Extracted data:
*** Begin section ***

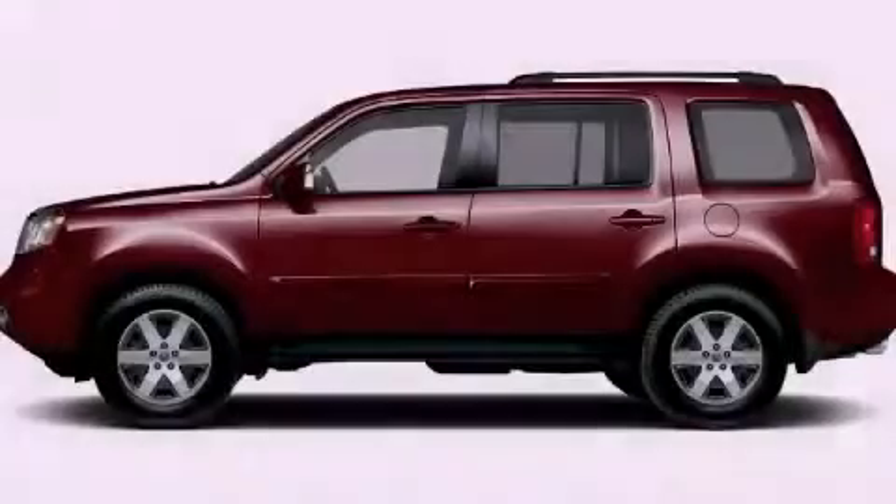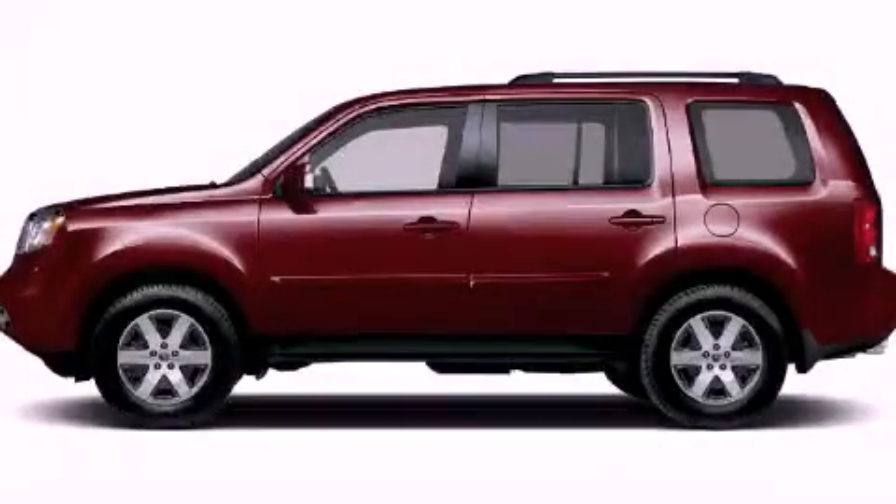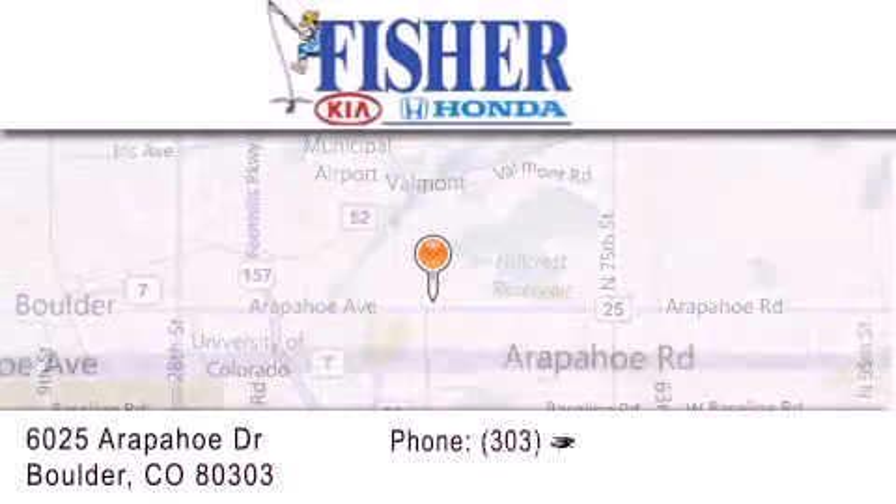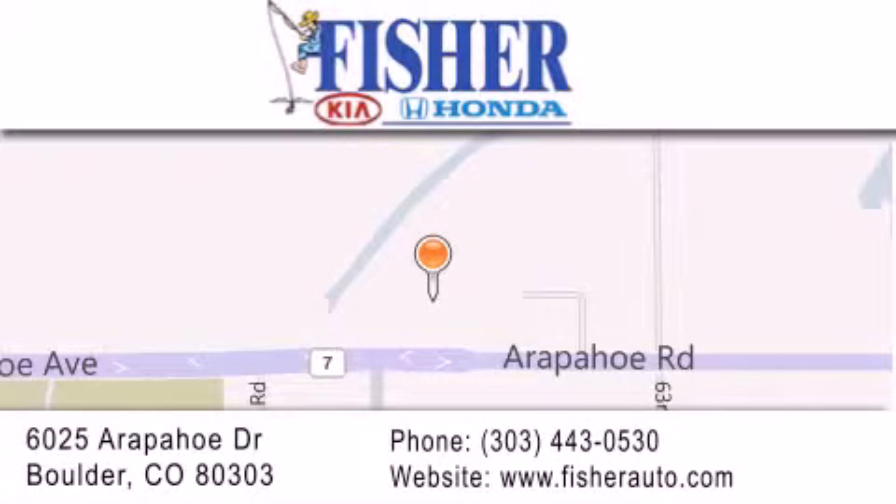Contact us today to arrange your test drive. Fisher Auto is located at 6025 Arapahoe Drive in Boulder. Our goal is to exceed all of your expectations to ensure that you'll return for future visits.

*** End section ***
*** Begin section ***

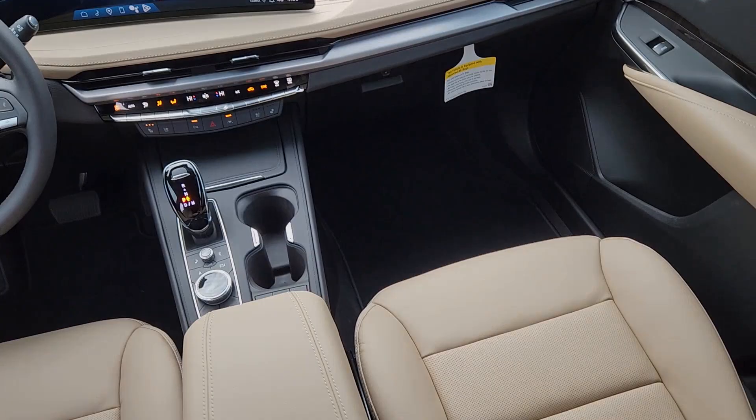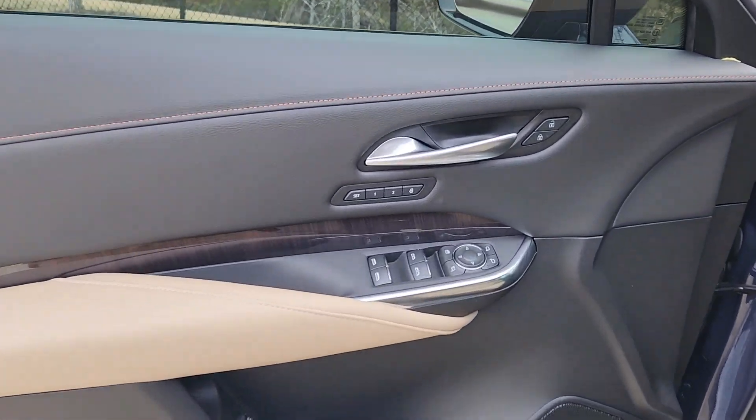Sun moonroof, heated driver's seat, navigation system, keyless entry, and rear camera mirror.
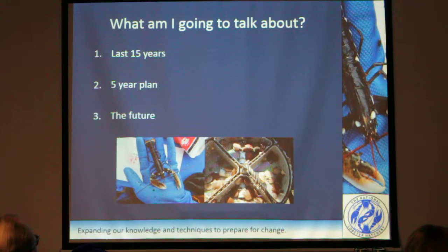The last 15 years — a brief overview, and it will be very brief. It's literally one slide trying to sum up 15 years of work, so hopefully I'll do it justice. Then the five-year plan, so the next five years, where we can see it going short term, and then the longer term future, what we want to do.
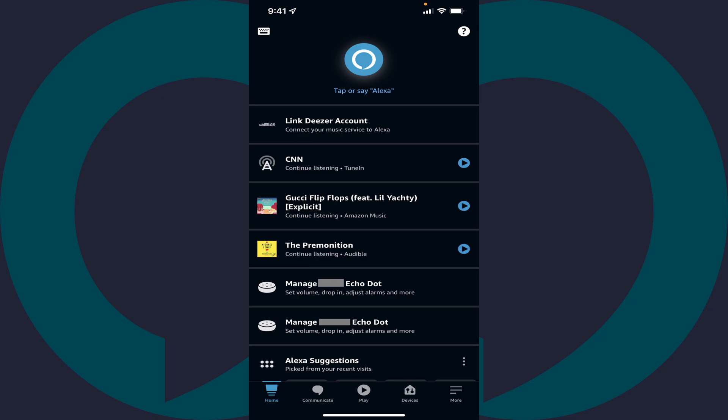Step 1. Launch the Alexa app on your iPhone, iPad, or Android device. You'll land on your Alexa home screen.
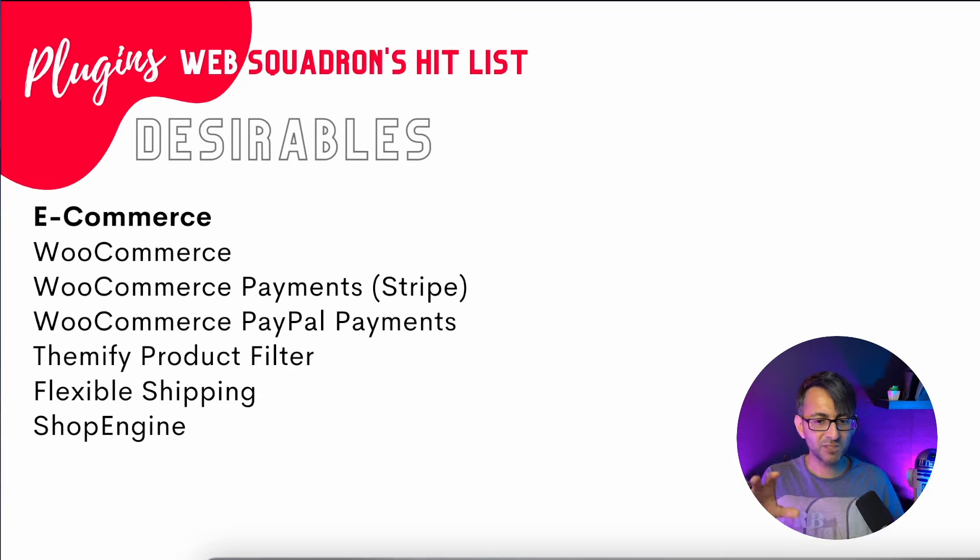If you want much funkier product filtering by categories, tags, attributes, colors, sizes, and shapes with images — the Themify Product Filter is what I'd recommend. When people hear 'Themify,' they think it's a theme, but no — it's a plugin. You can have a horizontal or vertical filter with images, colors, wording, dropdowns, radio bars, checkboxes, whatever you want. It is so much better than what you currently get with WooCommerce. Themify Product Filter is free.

*** End section ***

Exercise description: Write down exactly what the lines above say, from the line holding "Sun moonroof, heated" through the line holding "If you want", and nothing more. Do not copy the pictures.

Answer space:
Sun moonroof, heated driver's seat, navigation system, keyless entry, and rear camera mirror.
The last 15 years — a brief overview, and it will be very brief. It's literally one slide trying to sum up 15 years of work, so hopefully I'll do it justice. Then the five-year plan, so the next five years, where we can see it going short term, and then the longer term future, what we want to do.
Step 1. Launch the Alexa app on your iPhone, iPad, or Android device. You'll land on your Alexa home screen.
If you want much funkier product filtering by categories, tags, attributes, colors, sizes, and shapes with images — the Themify Product Filter is what I'd recommend. When people hear 'Themify,' they think it's a theme, but no — it's a plugin. You can have a horizontal or vertical filter with images, colors, wording, dropdowns, radio bars, checkboxes, whatever you want. It is so much better than what you currently get with WooCommerce. Themify Product Filter is free.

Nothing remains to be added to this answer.